■ **Activity**
From the line that contains "Quintess - Calça" down to the last line of the entries, repeat every line exactly. Do not carry over the pictures.
Records for this task Start Marker
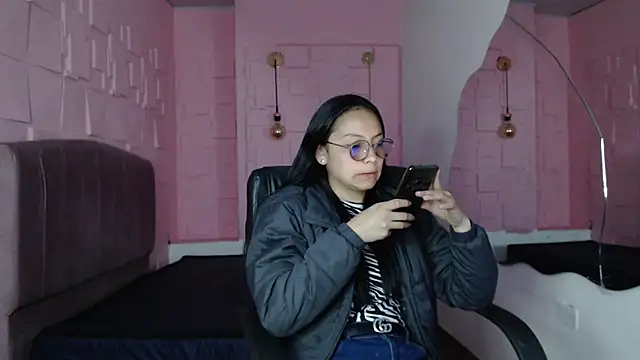 Snapshot of katalina07_1 chatting on 09/18/25, 03:26 katalina07 1 online show from 09/18/25, 03:26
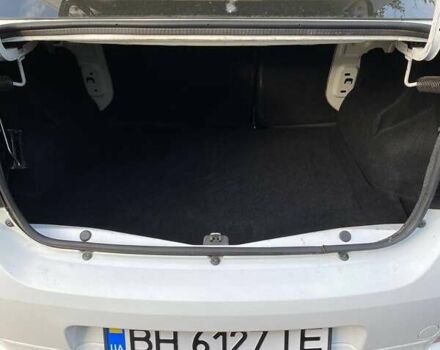 Білий Рено Логан, об'ємом двигуна 1.15 л та пробігом 178 тис. км за 4500 $, фото 5 на Automoto.ua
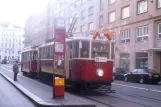 Prag 41 mit Triebwagen 412 am Národní třída (2005)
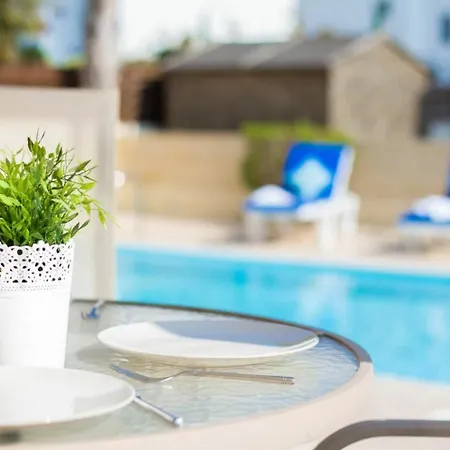 Villa Oceanview 066 *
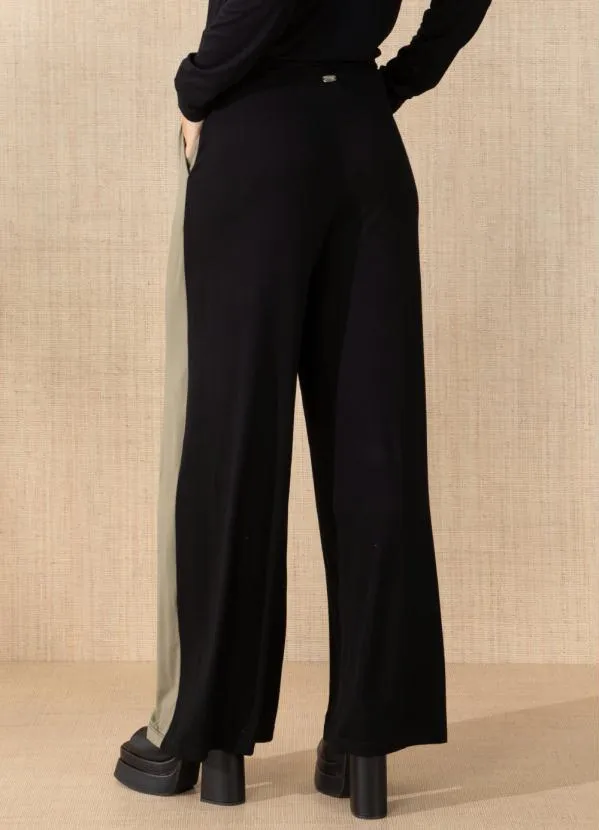 Quintess - Calça Preta/Verde Soltinha com Recortes 2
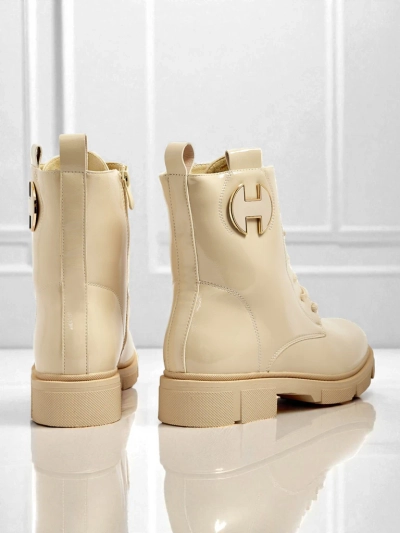 Лакирани дамски боти с връзки Kalen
Records for this task End Marker
■ **Finished task**
 Quintess - Calça Preta/Verde Soltinha com Recortes 2
 Лакирани дамски боти с връзки Kalen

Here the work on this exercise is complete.